The Taurus 1911's that I've used (don't own any myself) are 100% reliable, so they would be ok for car carry, but I certainly would not carry a sidearm in a concealed fashion. I would not ever consider a PT92 for serious use, as the ones I've seen and used were not holding up well at all.

If you are going to use your CCW to actually carry, then XD all the way. I prefer a striker-fired over a single-action w/external hammer for concealed carry, as I do not want to have to mess with a safety lever if I have to actually draw and fire the weapon in anger. The XD's are reliable and accurate, and will serve most purposes quite well. Of course they are kinda ugly, but if I can get over the looks of a Glock, I'm sure you can handle the homeliness of an XD.
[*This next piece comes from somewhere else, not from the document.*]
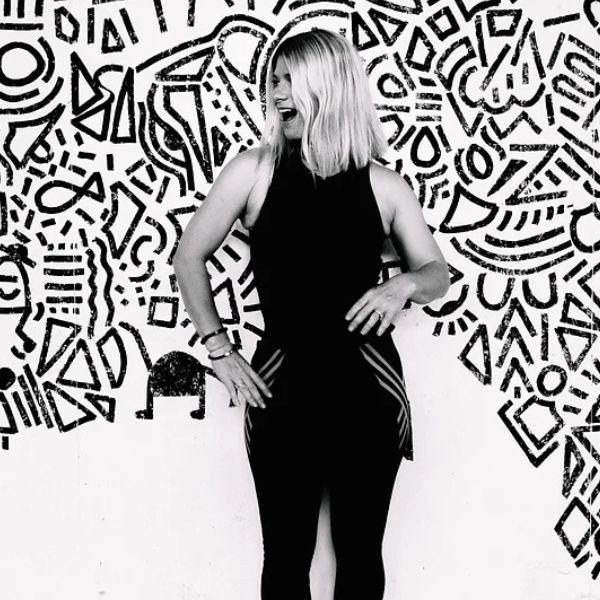 Sarah (Sas) Cook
You should also consider Glock and the S&W M&P as well....

PhilR.


----------



## Darkhand (May 12, 2008)

My vote would go for somethign u havent listed,CZ75b for around $450-$550 alittle less then the hi-power but with all the greatness of a hi-power:mrgreen: and once the CZ bug hits u cant just own one :smt023
i have a CZ P0-1 and CZ75b both great shooters.


----------



## DevilsJohnson (Oct 21, 2007)

PT 1911

I have one that I'm 100% happy with it,,,tons of rounds though it and it just keeps eating


----------



## Ruger71 (Jan 15, 2007)

PhilR. said:


> (I'm not sure why you would get a CCW and then get a handgun to keep in the car),


I live in Missouri and work in Arkansas. In Missouri your car is like your house, you can have one in the seat, glove box, door panel, etc. and be perfectly legal. Unless the law has changed, in Arkansas you have to carry a handgun unloaded, cased, and locked in the trunk, otherwise you are breaking the law. 
Since Arkansas has recipriocity with Missouri, a CCW would allow me to carry in the passenger compartment of my car as well as what you would normally consider concealed carry legally. I believe I got my information from NRA's website.

Sounds like the XD is winning. I wish they were Made in the USA. :smt1099


----------



## Mike Barham (Mar 30, 2006)

Teuthis said:


> The XD might be more appropriate for your needs, especially if you plan to carry the pistol. I say this because I am not a proponent of carrying cocked and locked for civilian use.


You know that the XD is a single-action, so when it's loaded and the grip safety is engaged, it's cocked and locked...right? :mrgreen:


----------



## Wyatt (Jan 29, 2008)

I thought the XD had a trigger system similar to the Glock safe-action, not single action like a 1911.


----------



## Mike Barham (Mar 30, 2006)

Wyatt said:


> I thought the XD had a trigger system similar to the Glock safe-action, not single action like a 1911.


Nope. It's a single action. The take-up in the trigger doesn't "cock" the striker, unlike the Glock. The XD is completely cocked when it cycles.


----------



## Todd (Jul 3, 2006)

Mike Barham said:


> You know that the XD is a single-action, so when it's loaded and the grip safety is engaged, it's cocked and locked...right? :mrgreen:


That was my thought, unless someone knows a magic way for me to un-cock my XD's? :smt017


----------